The insistent push for a “relatively high minimum wage, and considerable legal protection from dismissal” is at the core of creating South Africa’s employment woes.
No wage better than low wage?
Effectively, government policy argues that no wage is better than a low wage. South Africa's labour market policy has prevented the creation of the kinds of jobs that are the first point of entry for unskilled workers into modernising economies, whether in Europe, the United States or the industrialising countries of Asia.
Experts have projected that unemployment will continue to worsen until 2020 due to the failure of economic growth to keep up with population growth.

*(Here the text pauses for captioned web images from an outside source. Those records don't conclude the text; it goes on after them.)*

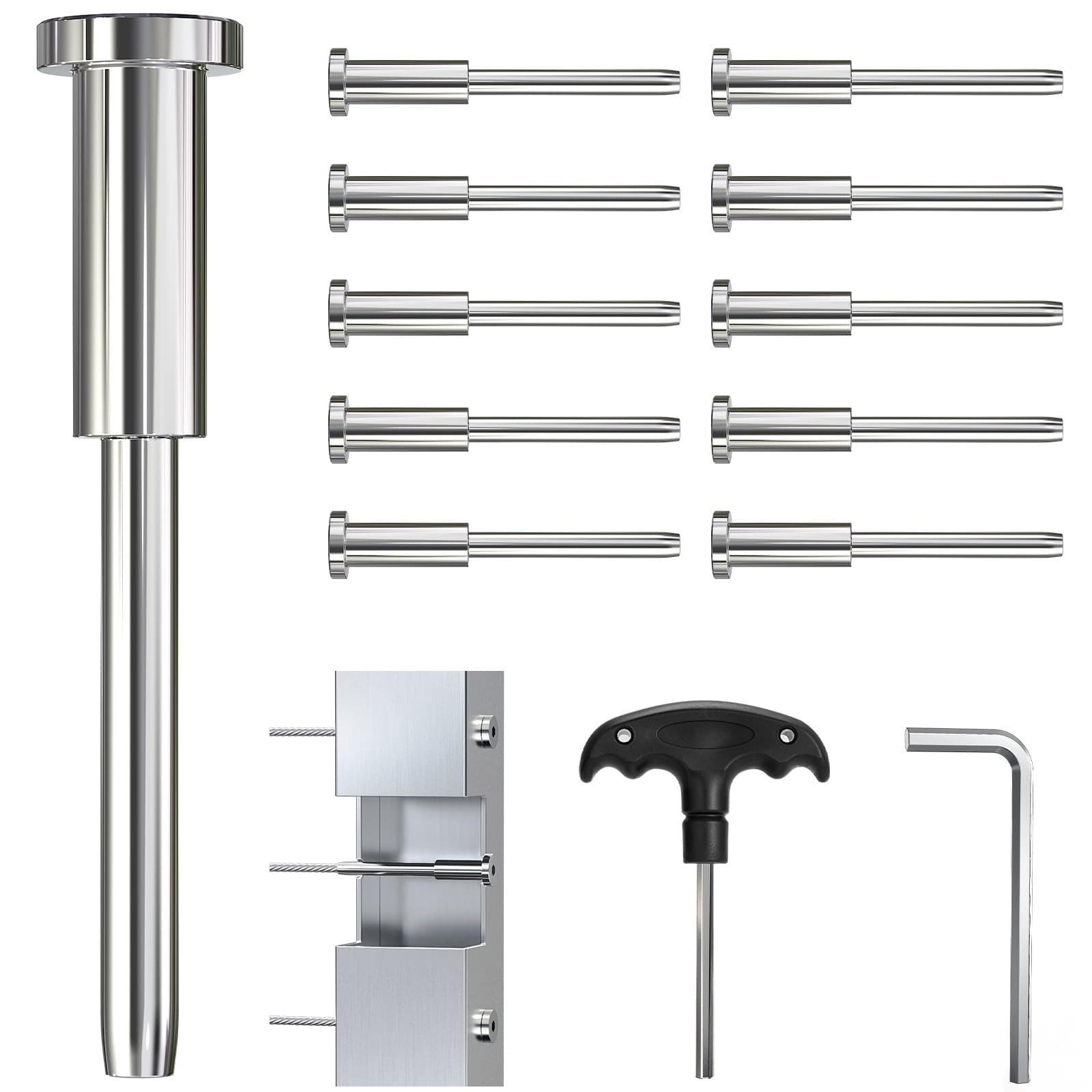 40 Pack Invisible Cable Railing Kit for 1/8" Wire, Marine Grade T316 Stainless S - Image 1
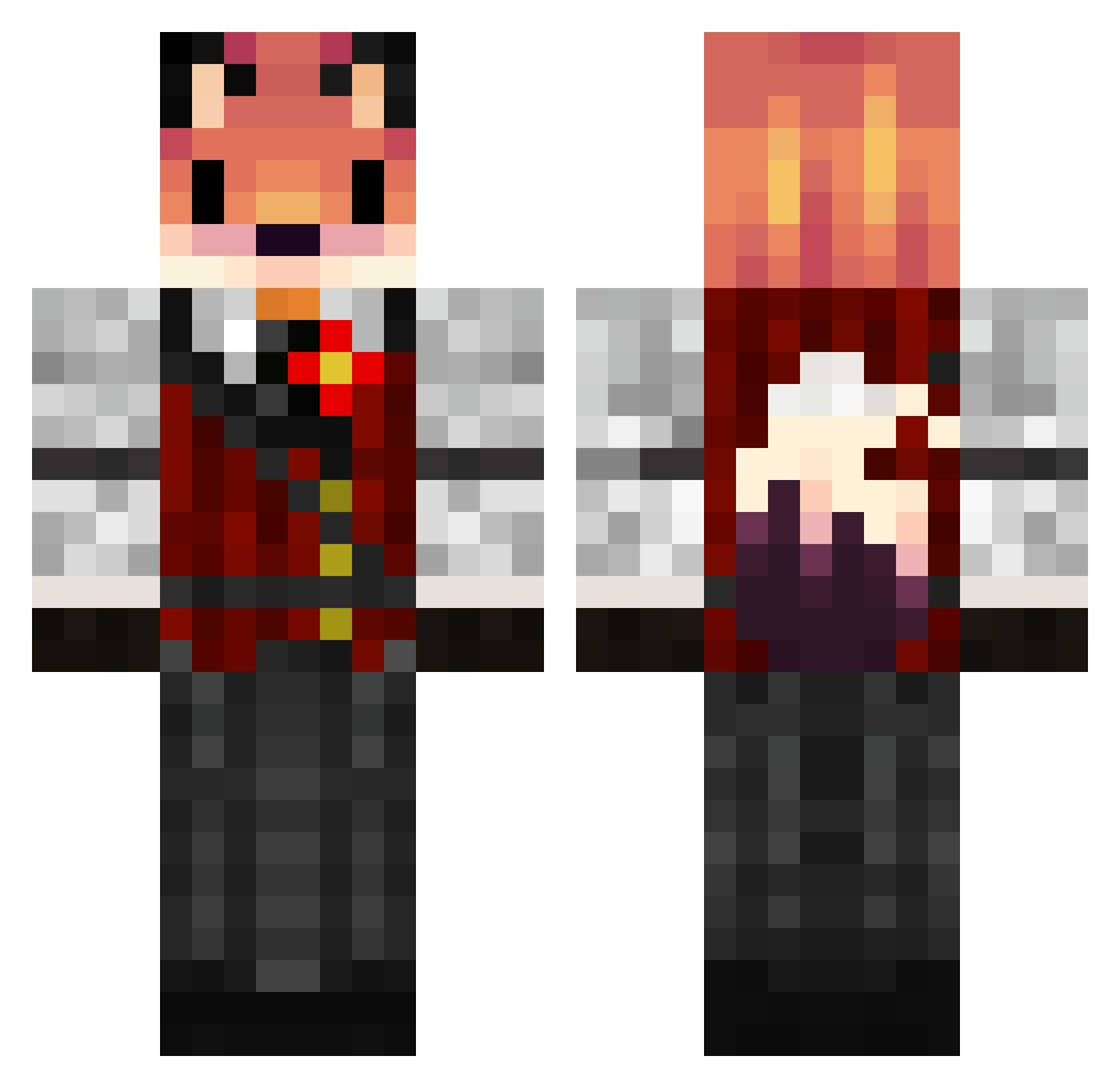 Zotofox12 Minecraft skin, front and back view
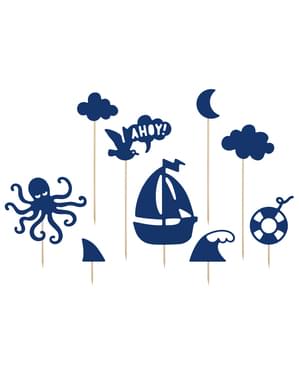 9 Çeşitli Deniz Dekoratif Picks Seti, Mavi - Ahoy!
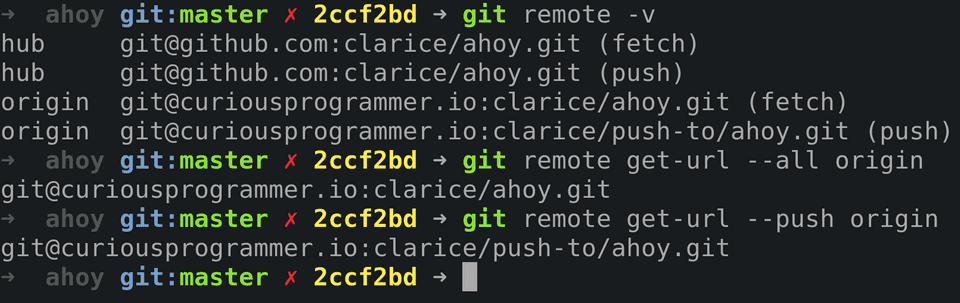 get git remote url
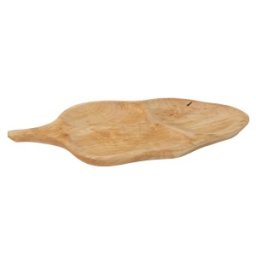 Platou in Forma de Frunza pentru Servire, Lemn de Arin, 52 x 26 cm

There are 37.8-million working-age adults in South Africa today. Of these, 11.9-million people (mostly students and school pupils) are not economically active. Of the remaining 25.9-million, 9.6-million (37%) cannot find work. That's almost two adults in every five. It has become very obvious that unless government relaxes labour relations laws to better support businesses, we will continue to face high levels of unemployment.
Inefficient hiring and firing
The most recent Global Competitiveness Report shows that the country’s labour market is hobbled by inefficient hiring and firing practices, little cooperation between employers and employees, as well as a poor relationship between pay and productivity. This often tempts employers to replace labour (particularly those less skilled and experienced) with capital and discourages them from hiring new workers, especially the youth, who are always the most vulnerable.
We all need to recognise that commercially viable companies are by far the most effective, sustainable and economically efficient job creators, and we should do everything in our power to help remove constraints on companies. The most critical of these are the rules that raise the costs of employment and those that make employers reluctant to employ more unskilled and inexperienced young people.
I have doubts that entrepreneurship will work either, unless supported by solid initiatives. Creating an environment in which companies are able and encouraged to create large numbers of low-skill jobs is the single most important step South Africa could take to make its growth path more inclusive. Unless core policies are revisited soon, yet another generation will grow up in a world of mass unemployment and hopelessness.